The CDC said in a statement that there have been at least 24 cases and seven deaths among gay and bisexual men caused by the bacteria in Florida recently. The CDC also recommended that gay and bisexual men traveling to Florida should ask their health care provider about getting the vaccine.

Seven deaths in just 24 cases is a very high death rate. Hopefully, health officials will be successful in containing this outbreak because this is a really nasty bug that you definitely do not want to get…

Meningococcal disease is caused by a bacteria, and when the linings of the brain and spinal cord become infected, it is called meningitis. Meningococcal disease usually presents as an infection of meningitis or a bloodstream infection about three to seven days after exposure, the CDC said. Both are serious and can be deadly.
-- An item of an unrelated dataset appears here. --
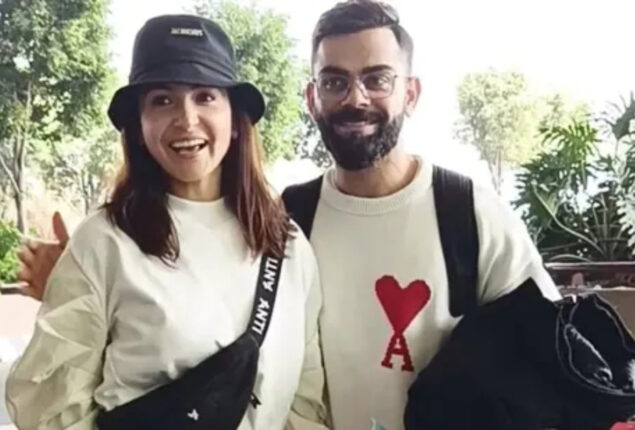 Anushka Sharma twins with Virat Kohli at Mumbai airport
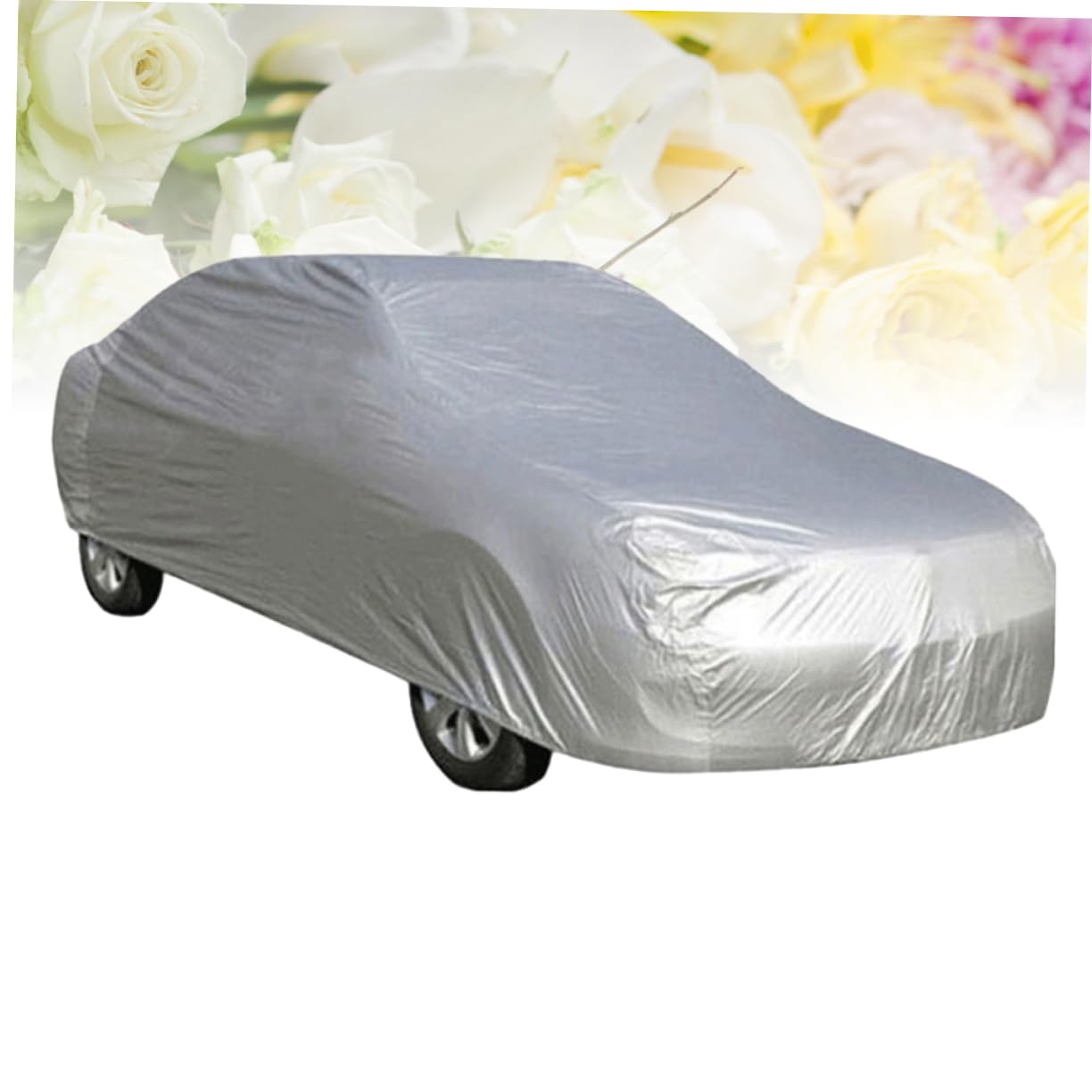 BUGUUYO Car Sunscreen Cover Waterproof Dustproof All-Season Easy Care Silver Size m — view 9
Meanwhile, polio has actually been detected in the United Kingdom… For the first time in nearly 40 years, health officials in the U.K. have identified a likely outbreak of polio in London. So far, there have been no cases of polio detected directly in the U.K. But instead, scientists have discovered the outbreak through an indirect route. They’ve found multiple versions of the virus in sewage water, the U.K. Health Security Agency said Wednesday in a press release.

This wasn’t supposed to happen. The last confirmed case of polio in the United Kingdom was in 1984. Authorities theorize that it is now appearing in sewage water because “an infected person brought the virus into London and then spread it to others who weren’t immunized”…

People infected with polio, or who have been vaccinated with a live version of the virus, shed traces of the virus in their stool – which eventually end up in sewage wastewater. So the current hypothesis is that an infected person brought the virus into London and then spread it to others who weren’t immunized.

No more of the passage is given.